▸ EXERCISE DIRECTIONS
Pictures aside, every line of the listing should be given again exactly.

▸ RECORDED INFORMATION
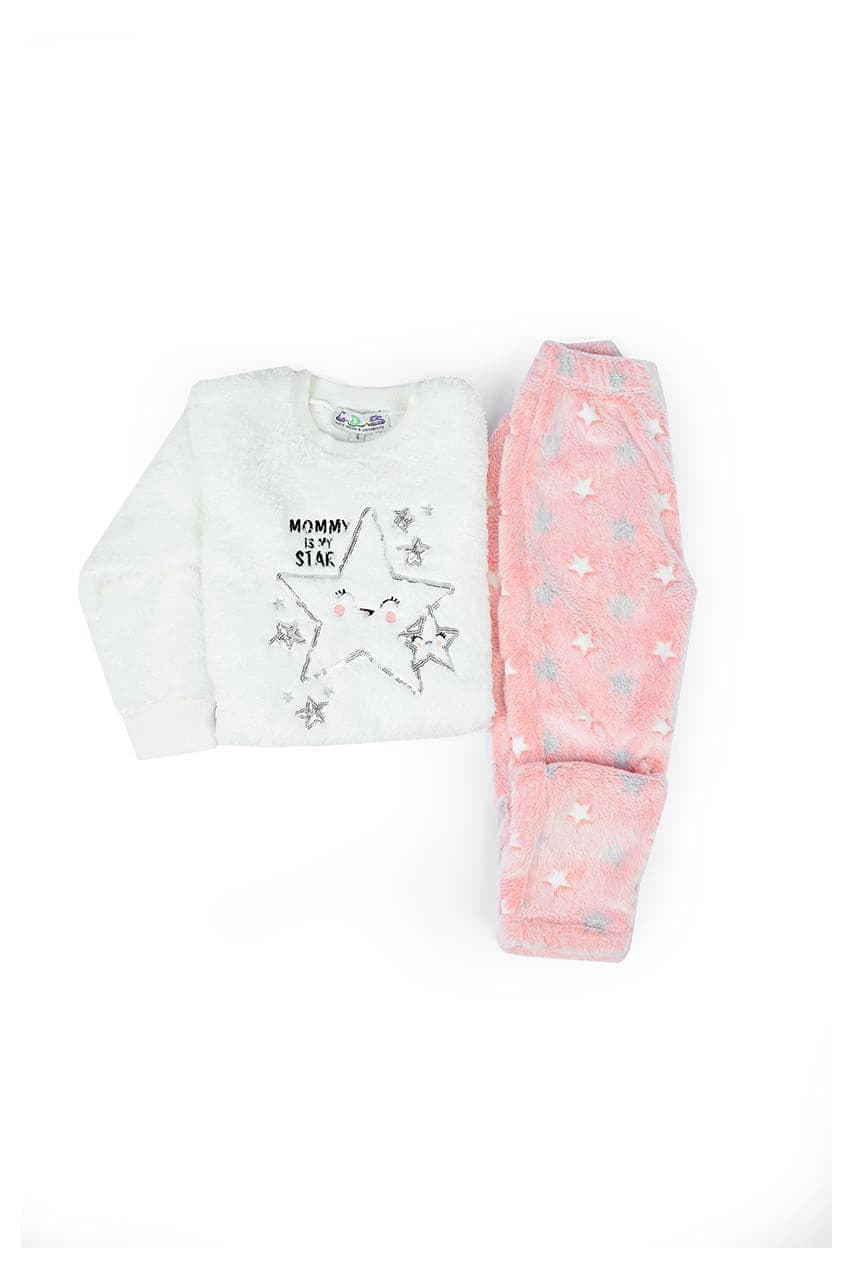 Girls winter pajamas with Mommy star print - fur - 2 pieces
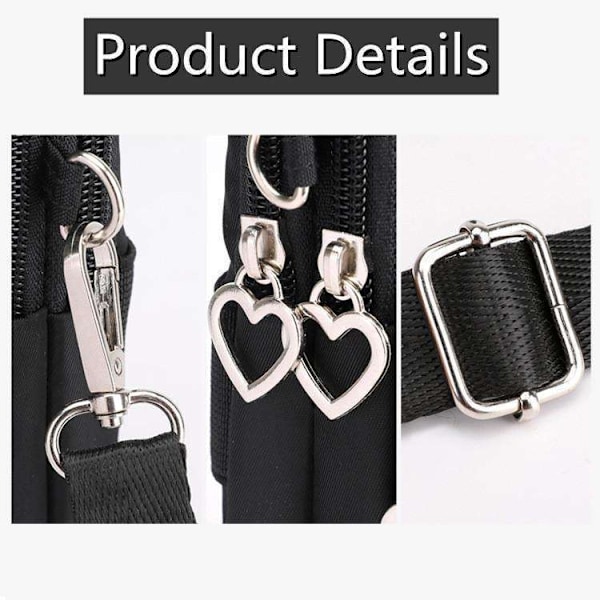 Axelväska för mobilen - Plånbok, Handväska, Clutch - Svart Black Svart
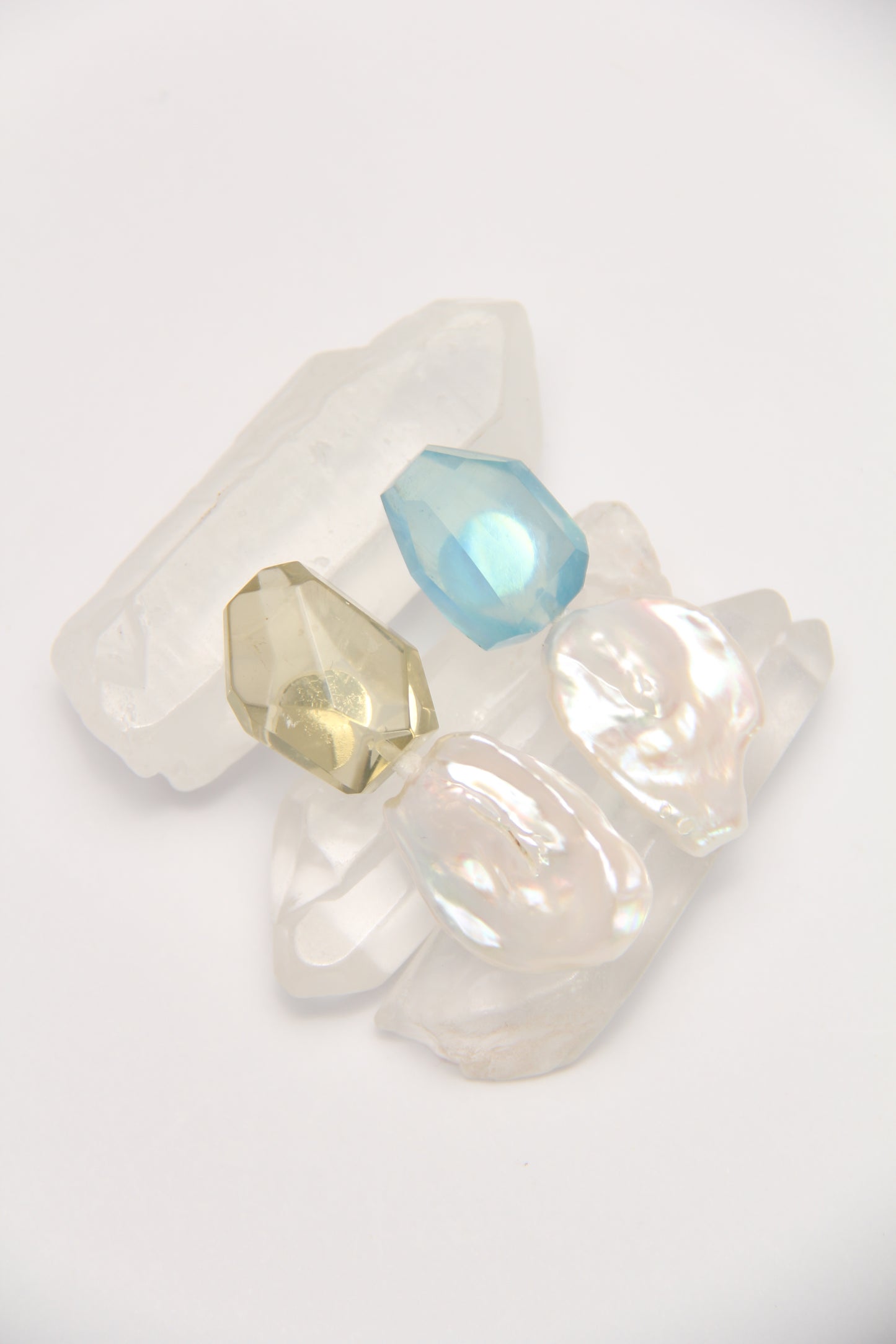 Earrings: pearls, aquamarine, citrine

▸ WRITTEN SOLUTION
 Girls winter pajamas with Mommy star print - fur - 2 pieces
 Axelväska för mobilen - Plånbok, Handväska, Clutch - Svart Black Svart
 Earrings: pearls, aquamarine, citrine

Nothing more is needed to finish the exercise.